The party did not take part in the parliamentary election being held the same year. Mykola Katerynchuk, however, became a candidate in the list of the Civil Position, being placed in the top five. Civil Position would receive just 1.04% of the vote and no parliamentary representation.

==Party structure==

===Leader===
Party leader is Mykola Katerynchuk, the people's deputy of Ukraine (2002–2014). In 2004, he defended the interests of presidential candidate, Viktor Yushchenko, at the Supreme Court of Ukraine.

=== Governing bodies ===
- Party congress (convenes no less than once every two years; defines the party strategy and chooses its leader).
- Party council (held every one or two months).
- Party central executive committee (provides organizational, informational, analytical and resource support of the party; provides practical implementation of the party central executive bodies’ decisions, orders and instructions of its leader).
- Party conferences and executive committees at the primary level of the local party organizations.
==Ideology==
The party adheres to the basic principles of social liberalism, according to that the state should intervene into economic processes to fight monopoly and maintain a competitive market environment. The society should have legitimate reasons if the income does not meet the contribution of a person to the common good, to withdraw some of this income through taxes and redistribute it for social needs. Improving the living conditions of the poorest strata of society will contribute to the growth of the internal market and economic growth.

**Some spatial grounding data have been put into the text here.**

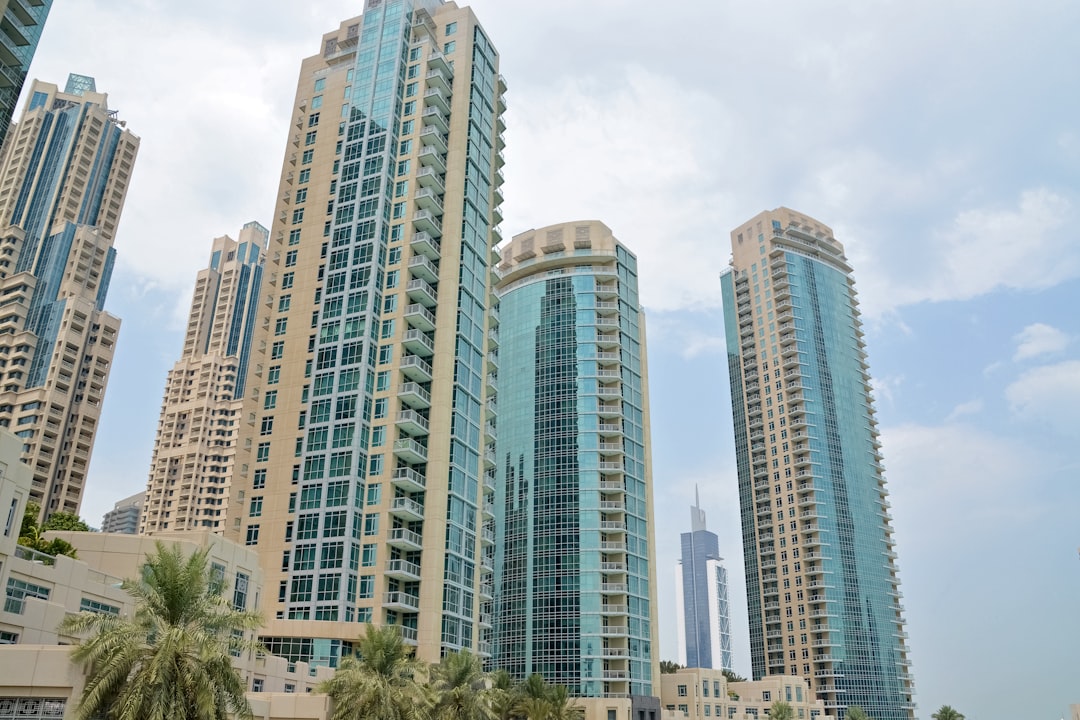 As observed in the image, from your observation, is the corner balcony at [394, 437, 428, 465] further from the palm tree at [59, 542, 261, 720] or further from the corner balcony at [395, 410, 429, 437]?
the palm tree at [59, 542, 261, 720]

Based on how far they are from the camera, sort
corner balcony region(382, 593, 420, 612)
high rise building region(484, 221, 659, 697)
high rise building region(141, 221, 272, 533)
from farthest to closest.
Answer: high rise building region(141, 221, 272, 533) < high rise building region(484, 221, 659, 697) < corner balcony region(382, 593, 420, 612)

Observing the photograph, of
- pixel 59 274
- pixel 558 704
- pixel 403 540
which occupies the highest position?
pixel 59 274

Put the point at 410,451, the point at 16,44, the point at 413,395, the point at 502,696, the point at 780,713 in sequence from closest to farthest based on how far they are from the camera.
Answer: the point at 16,44 < the point at 502,696 < the point at 410,451 < the point at 413,395 < the point at 780,713

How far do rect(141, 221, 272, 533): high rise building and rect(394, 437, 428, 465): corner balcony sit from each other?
77863 millimetres

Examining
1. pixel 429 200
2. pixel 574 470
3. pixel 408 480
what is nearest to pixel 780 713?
pixel 574 470

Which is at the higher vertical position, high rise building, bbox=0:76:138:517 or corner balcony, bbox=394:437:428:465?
high rise building, bbox=0:76:138:517

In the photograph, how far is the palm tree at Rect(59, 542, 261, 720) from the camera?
30453 millimetres

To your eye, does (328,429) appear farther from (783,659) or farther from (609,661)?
(783,659)

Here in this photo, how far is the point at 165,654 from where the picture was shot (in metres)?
31.0

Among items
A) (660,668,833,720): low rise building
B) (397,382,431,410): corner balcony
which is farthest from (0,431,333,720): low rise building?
(660,668,833,720): low rise building

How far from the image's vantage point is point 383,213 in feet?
287

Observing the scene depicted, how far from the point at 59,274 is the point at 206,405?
38.2m

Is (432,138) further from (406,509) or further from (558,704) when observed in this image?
(558,704)

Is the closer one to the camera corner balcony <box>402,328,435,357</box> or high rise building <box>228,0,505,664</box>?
high rise building <box>228,0,505,664</box> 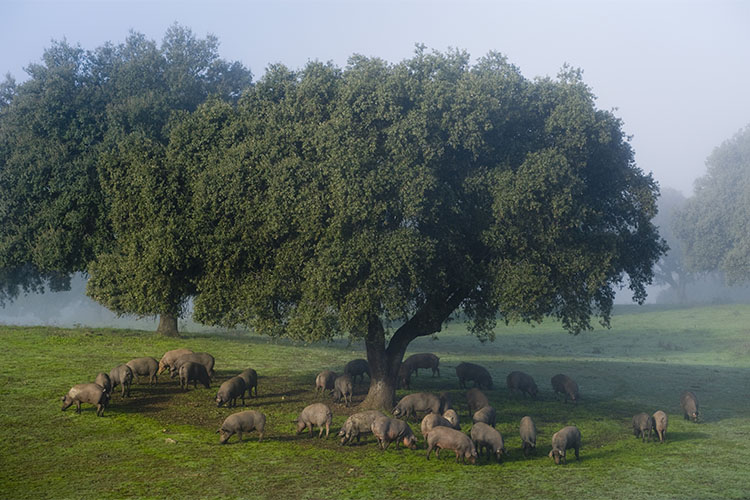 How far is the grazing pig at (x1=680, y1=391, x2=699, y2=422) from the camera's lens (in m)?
23.3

===Goals and priorities of the Party===
- Integration of Ukraine into Europe as a single territory without internal borders and barriers with free flow of work force and financial resources.
- Approximation of Ukraine's living standards to European ones by implementing systemic reforms.
- Support of the course of the European Union as an institution founded on fundamental liberal principles of freedom, democracy and rule of law.
- Environmental protection and use of alternative sources of energy.
- Conducting educational campaigns and legislative initiatives aimed at preventing gender discrimination.
- Organization of educational events for young people to make them aware of the history of creation and the basics of activity of the EU institutions, ideas of the leading liberal ideologues and thinkers, as well as the peculiarities of the European integration of Ukraine.

=== European vector of activity ===
- Support to signing of the Association Agreement between Ukraine and the EU.
- Simplification of the visa regime for citizens of Ukraine with the EU.
- Promotion of European integration of Ukraine.
- Adaptation of European experience in different areas of social and political life in Ukraine.